Autologous stem cell transplantation (ASCT) is part of the standard of care treatment paradigm for multiple myeloma and prolongs survival for patients with this cancer type.1 Historically, depending on induction regimens and mobilization strategies, approximately 50% to 75% of patients required more than one apheresis session to collect a target number of cells.2,3.

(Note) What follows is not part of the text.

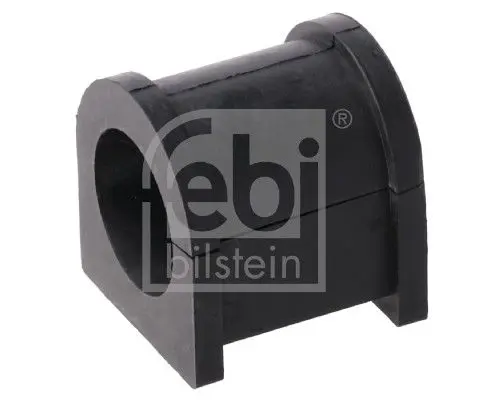 Piekare, Stabilizators Febi 41131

自体干细胞移植（ASCT）是多发性骨髓瘤标准治疗模式的一部分，可以延长这种癌症患者的生存期[1]。历史上，根据诱导方案和动员策略，大约50%至75%的患者需要一次以上的单采治疗来收集目标数量的细胞[2,3]。

The model in the poster at ASFA analyzed the number of apheresis days needed to collect ≥6 million CD34+ cells/kg using different mobilization regimens based on product-specific Phase 3 studies. A direct comparison was used between daily filgrastim alone and in combination with APHEXDA based on the Phase 3 GENESIS trial that supported the U.S.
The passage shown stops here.